Date: Wed 30 Jun 2021
Matching Riddle: Lorsch Riddle 11

Today’s ox riddle is udderly brilliant and very amoosing too!

It is difficult to overstate the economic importance of cattle—and particularly oxen—in pre-Conquest England. Plough-oxen were perhaps the most important livestock of all, since horses were seldom used for ploughing during this period. In the Domesday Book", the standard plough team consists of eight oxen, but illustrations in manuscripts never depict this many animals drawing a single plough—it may be that smaller teams of two or four were typically used (Banham & Faith, page 51). Cattle were typically smaller than today, and they were probably horned (Banham & Faith, pages 89 & 91).

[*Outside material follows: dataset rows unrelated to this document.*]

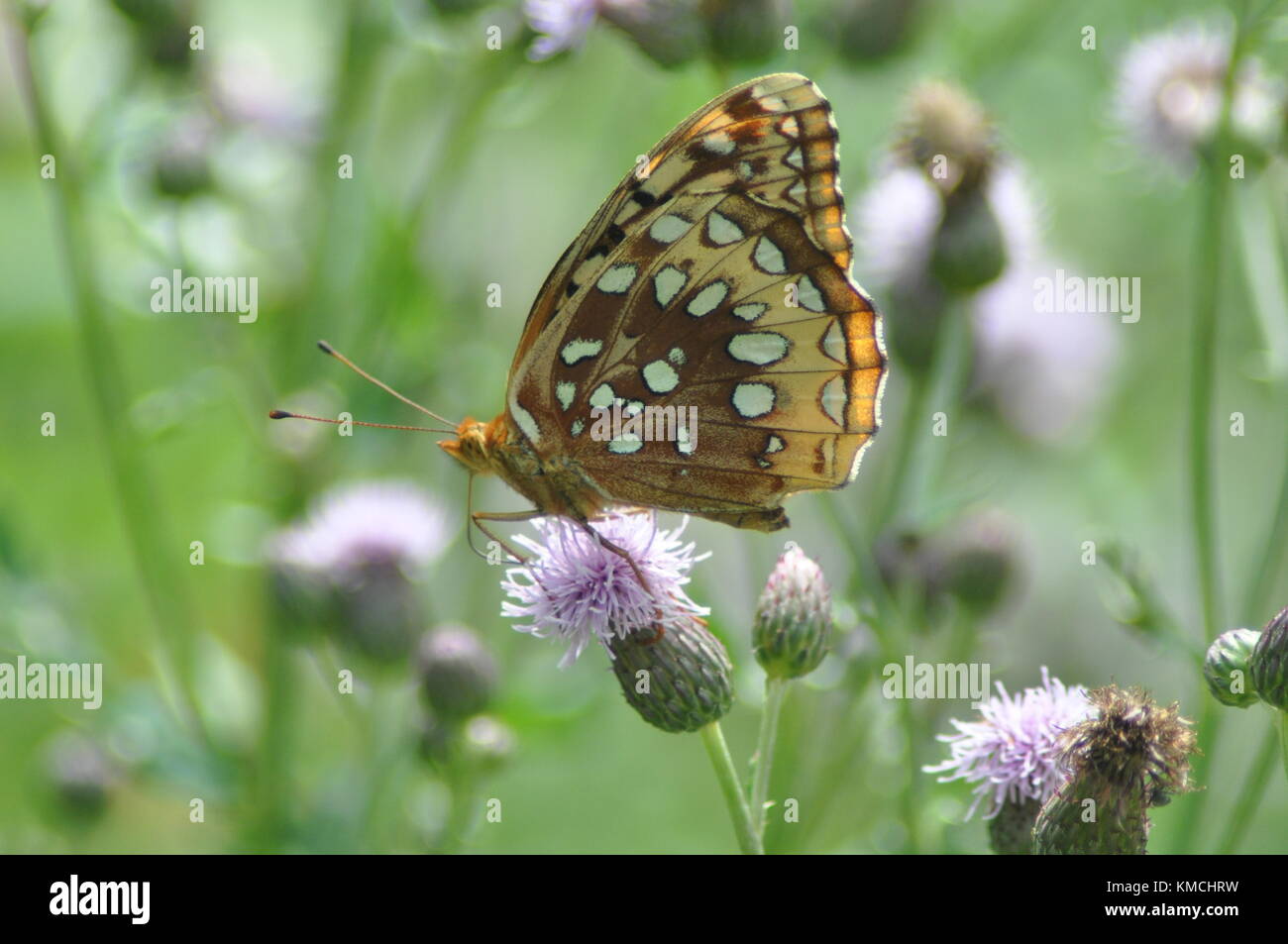Butterfly Feeding on Flower Stock Photo
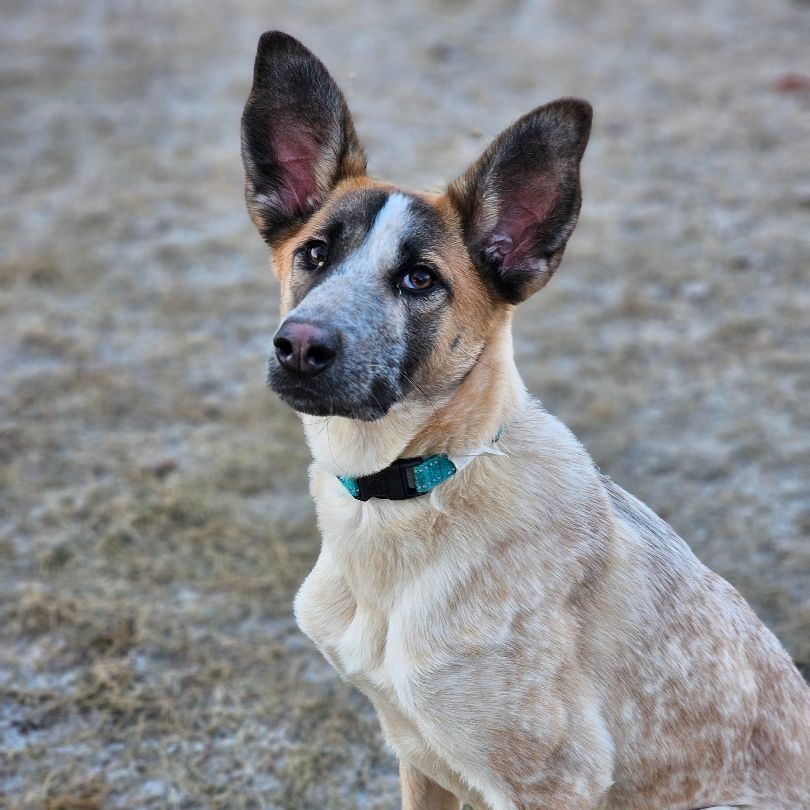 Enlarge Morning Glory, a Adoptable Australian Cattle Dog / Blue Heeler in West Saint Paul, MN image 1/10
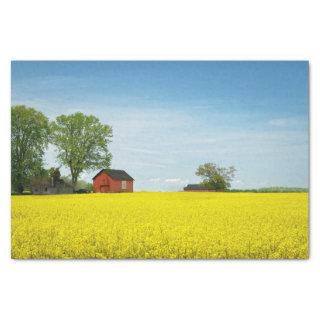 Red Barn Standing Guard Over a Canola Field Tissue Paper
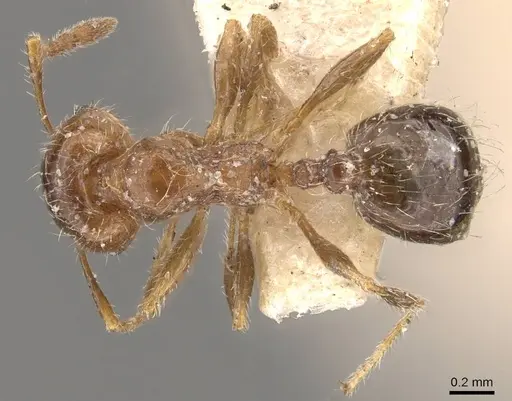 Pheidole bicarinata specimen CASENT0908247 image casent0908247_1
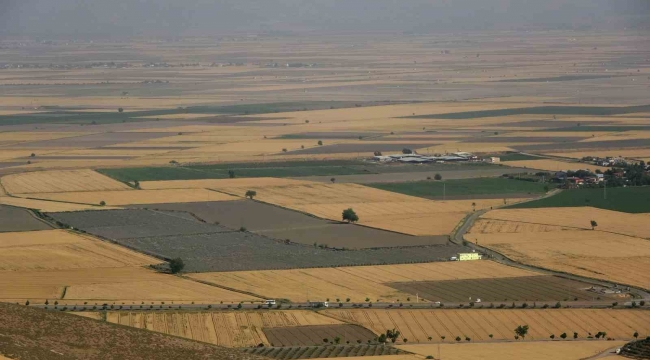 Buğdayın önemi anlaşıldı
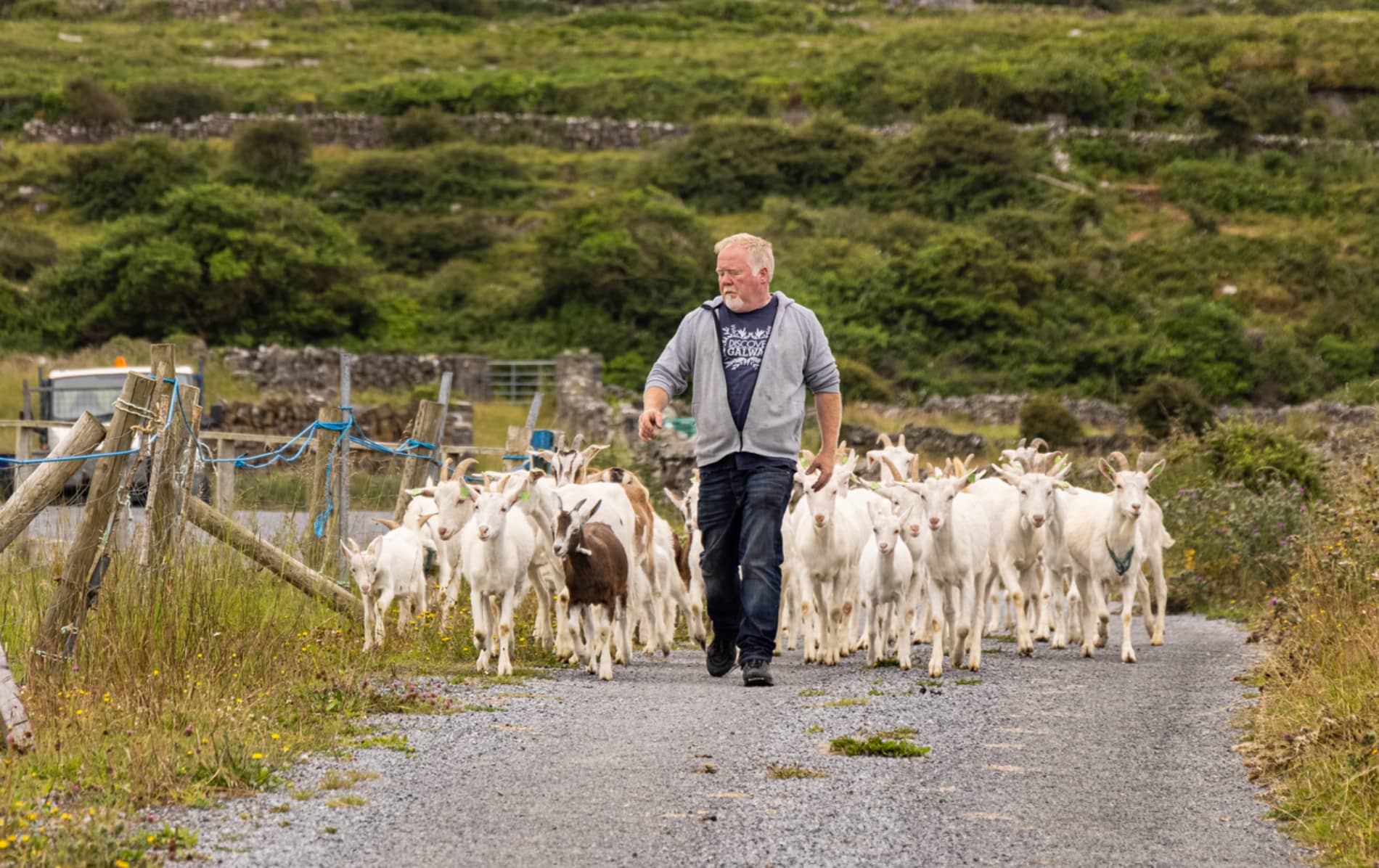 sustainablefoodexperiences-arangoatscheese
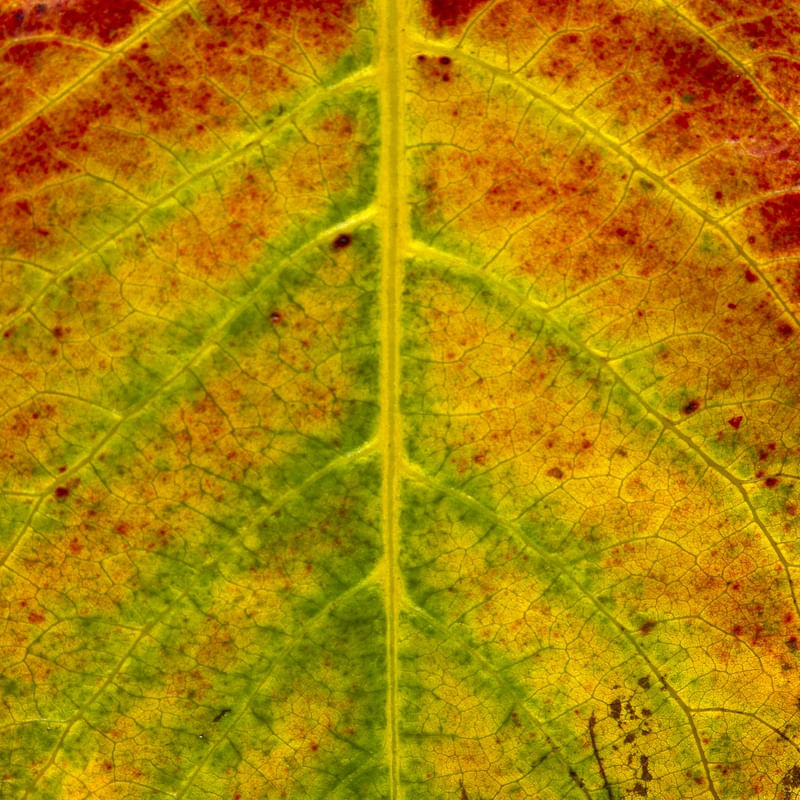 LEAF 2020 4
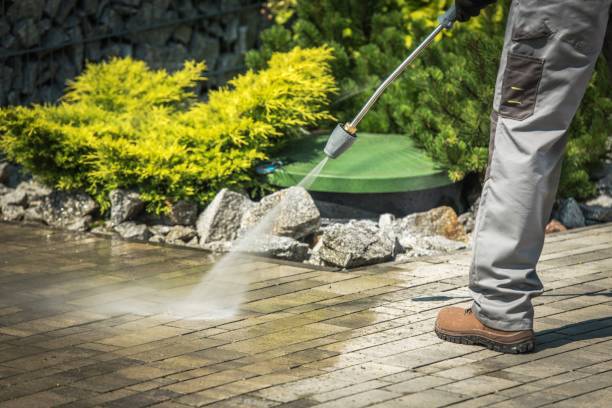 Best Spring Cleaning  in Fruitridge Pocket, CA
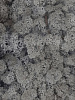 Мох олений (Ягель) Лавандовый (площадь ≈ 0,45 м²) в интернет-магазине Greentrend.ru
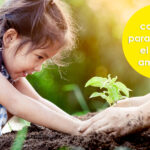 10 acciones imprescindibles para cuidar el medio ambiente en tu jardín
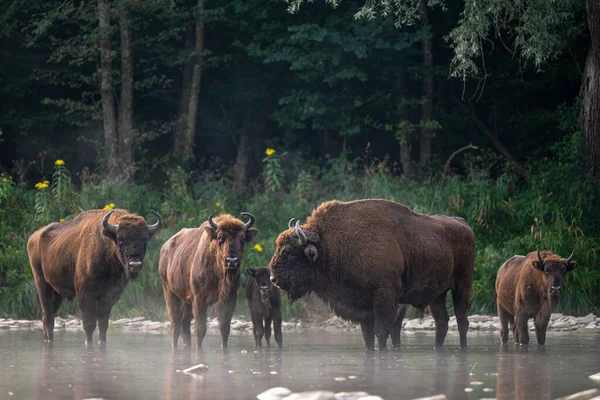 European Bison Wisent Bison Bonasus Bieszczady Carpathians Poland — Zdjęcie stockowe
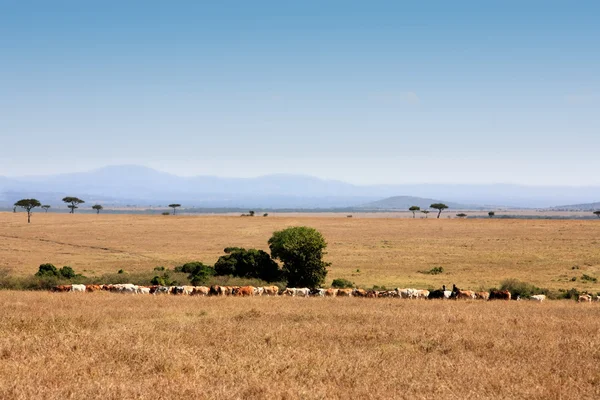 Masai mara — Fotografia de Stock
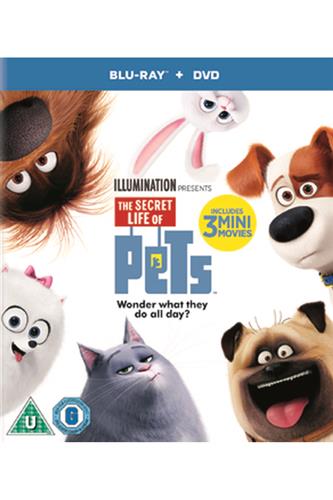 The Secret Life Of Pets Blu-Ray + DVD - Animation - BLU-RAY - Universal ...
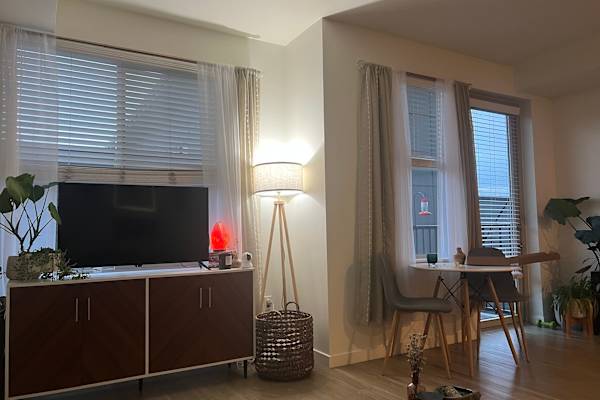 House sit in Kenmore, WA, US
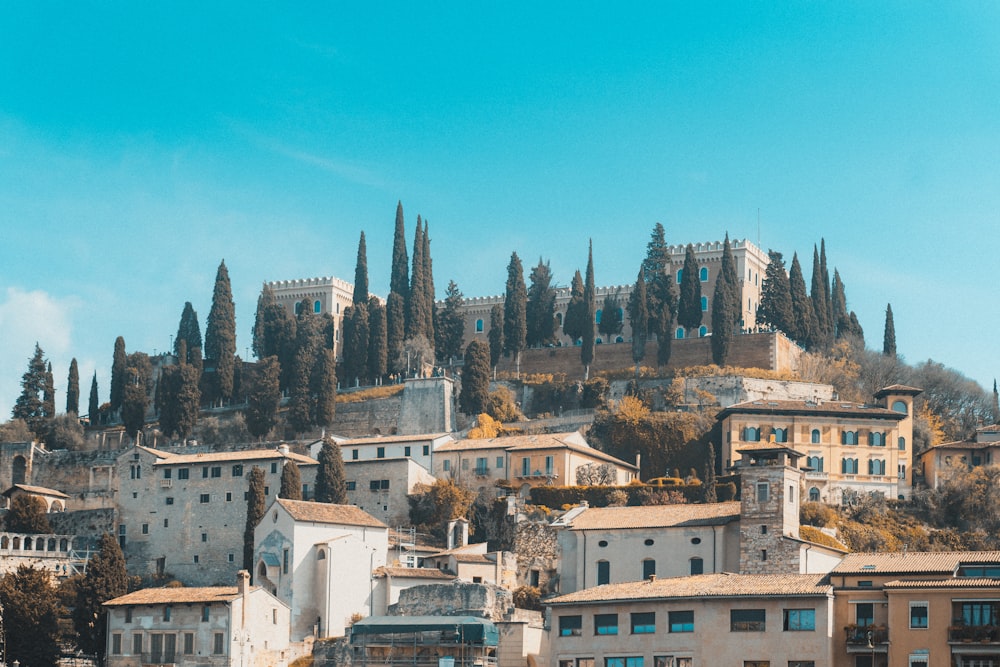 a view of a city with a castle on top of it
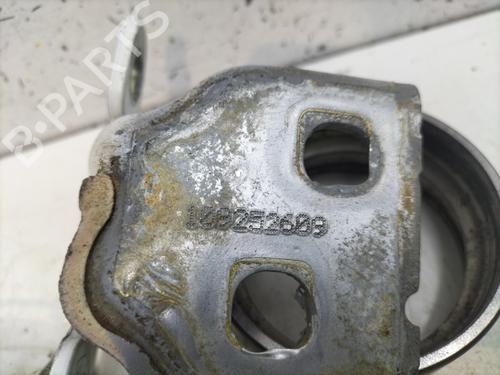 Hinge/Door check strap DACIA SANDERO II  | BP27619029C146  - Image 5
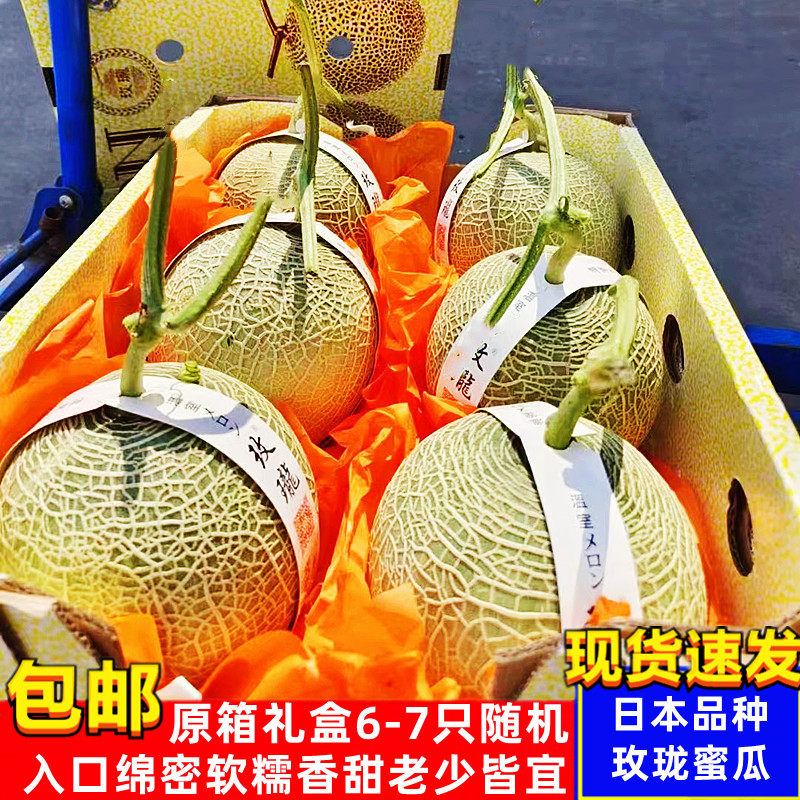 日本品种玫珑蜜瓜原箱装静冈夕张网纹蜜瓜哈密瓜甜瓜海南玫珑蜜瓜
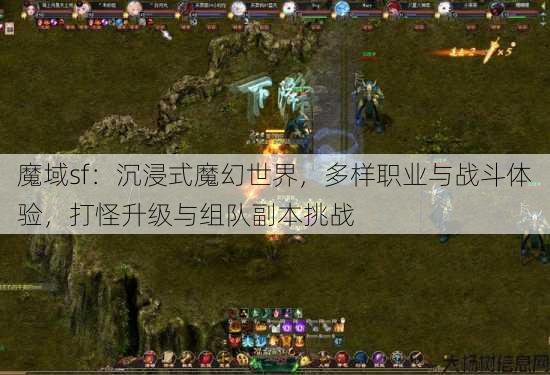 魔域sf：沉浸式魔幻世界，多样职业与战斗体验，打怪升级与组队副本挑战 第2张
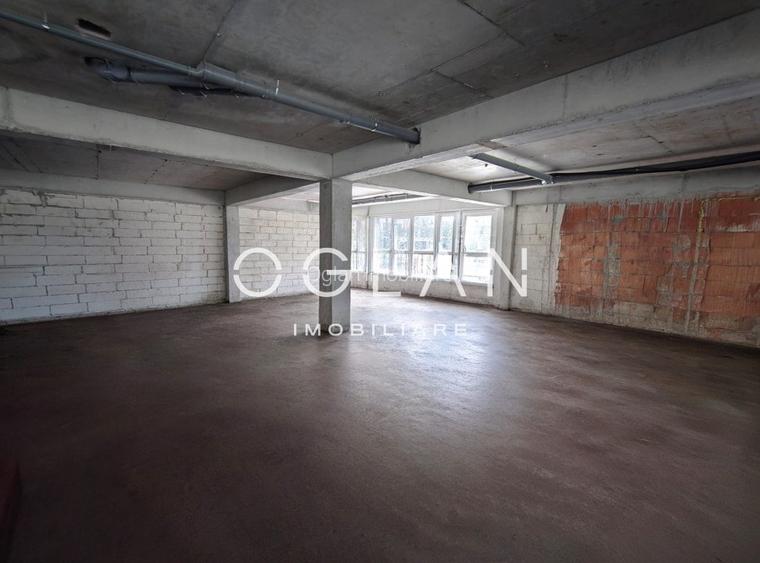 Spatiu Comercial 305 mp+ gradina 178mp, Bieltz/Turnisor - 5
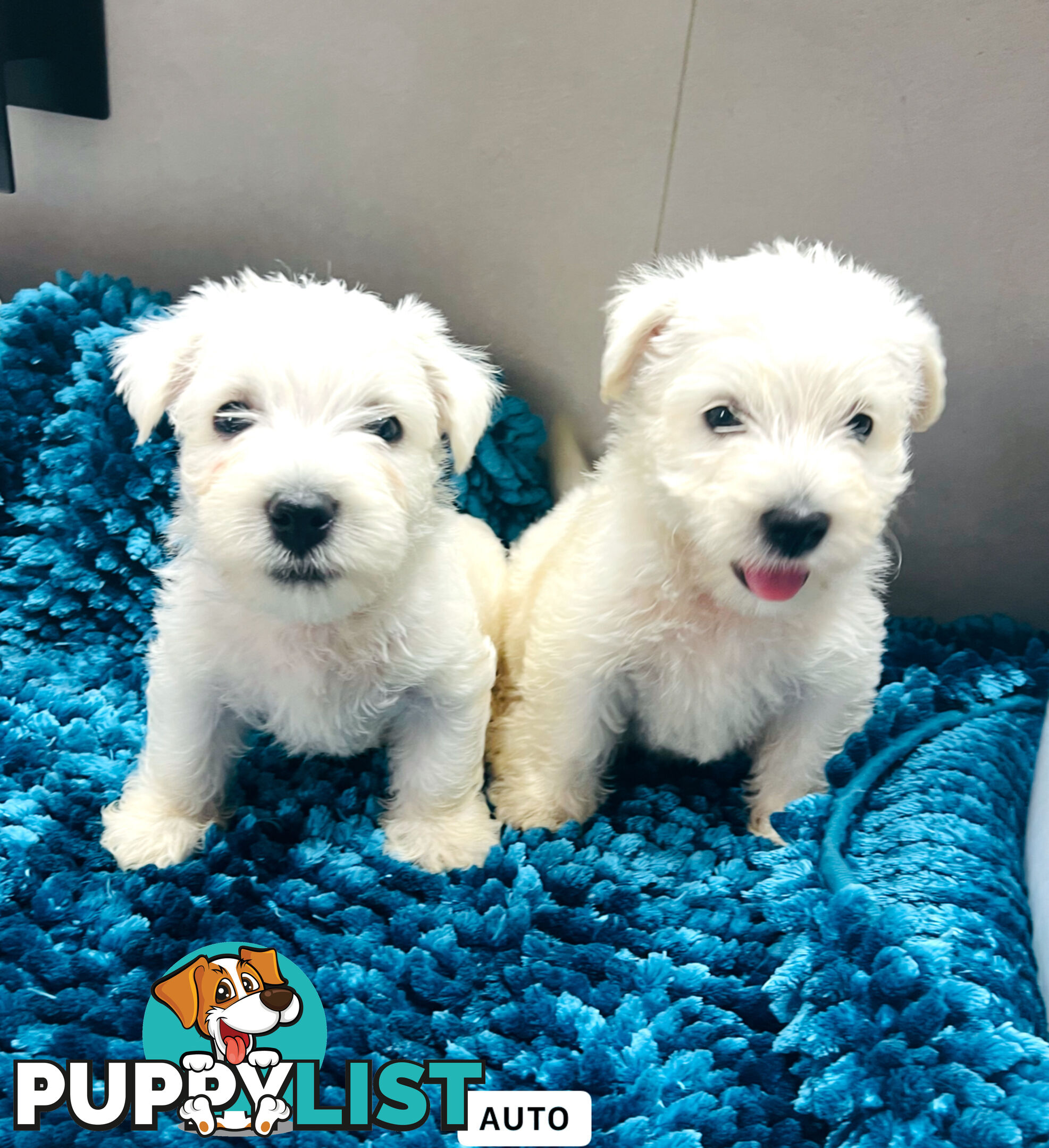 West Highland Terrier pups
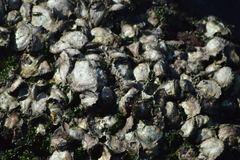 Saccostrea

“A wheeled plough with two oxen, from the early 11th century Old English poetic manuscript, Bodleian Library MS. Junius 11 (“The Cædmon Manuscript”), page 54. Photograph from CC BY-NC 4.0)

When you live and work alongside cattle each day, and when you care for them and depend on them for your survival, it is natural that they also find an important place in your language and cultural imagination. For example, they were so important as a form of exchange that the Old English word feoh means both “cattle” and “money” or “wealth”—we get the Modern English word fee from it. Cows and oxen appear in many English place names, from the sedate Cowgrove (Old English, “cow-grove”) in Dorset and Neatham (Old English, “cattle village”) in Hampshire to the brilliantly named village of Crackpot (Old Norse and Old English “cow-hole”) in North Yorkshire.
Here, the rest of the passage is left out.